Kish is a fellow of Lead NJ, was named to the NJ Biz Top 50 Business Women in New Jersey and was honored as Woman of Distinction by the Girl Scouts and Humanitarian of the Year by a chapter of the American Conference on Diversity. She is active in and serves on boards of many civic and philanthropic organizations.
She holds a bachelor’s degree in history from Allegheny College and a master’s degree from Antioch University, with additional graduate work at Williams College and the East West Center at the University of Hawaii.
Anton C. (Tony) Nelessen
Tony Nelessen, Professor Emeritus of Urban Planning, Design, and Visioning Rutgers University, holds a master of architecture degree in Urban Design. He is a professional planner and charter member of the Congress for the New Urbanism. In 2022 he won the Award for Academic Leadership from the Urban Land Institute. He is now a private consultant.
Richard K. Rein
Richard K. Rein, a reporter, writer, and editor, is the author of American Urbanist: How William H. Whyte’s Unconventional Wisdom Reshaped Public Life, which the New York Times praised as “marvelous new biography.” The founding editor and publisher of U.S. 1 newspaper, Rein now edits TAPinto Princeton Community News, a daily digital news provider with an emphasis on covering urban solutions in a suburban setting.
Carlos Rodrigues
Carlos Rodrigues, principal, Design Solutions for a Crowded Planet LLC, is a Princeton-based urban designer, professional planner, writer, and educator. His planning practice represents, or has represented, federal, state, county and local government, the Territory of Macao (now part of China), foundations and other charitable organizations, real estate developers, property owners, religious congregations, neighborhood groups, environmental groups, and civic organizations involved in (re)development and preservation projects of merit.

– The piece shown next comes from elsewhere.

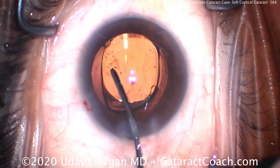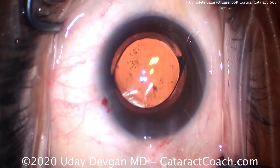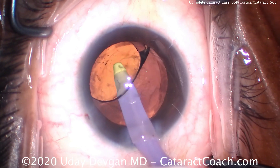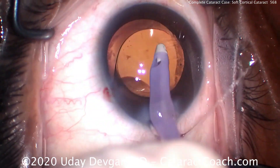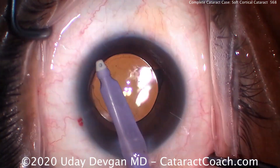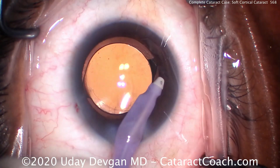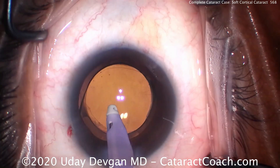Third: get the nucleus out of the capsular bag. We know it's a soft lens with minimal density — let's get it out of the bag to facilitate surgery. Number four: use the chopper in the safety position to prevent any problems. In a young patient, you definitely want to place the lens in the capsular bag. This patient is 50 years old — what we do in his eye, he's going to look through for at least 30, maybe 40 or 50 more years. So we want to do a job that's great and stable for the long term.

He is an architect (Dipl. Arch. 1978) and a planner (MCRP Rutgers, 1982) and has taught graduate and undergraduate planning courses and studios at the Bloustein School of Planning and Public Policy at Rutgers, in the Landscape Architecture Department at Rutgers and in the Graduate Planning School at Columbia University.
Marina Rubina
Marina Rubina is a registered architect in New Jersey and California and is a LEED accredited professional. She holds master’s degrees in both Architecture and Structural Engineering from the University of California, Berkeley. Marina is a founding member of the Princeton Progressive Action Group.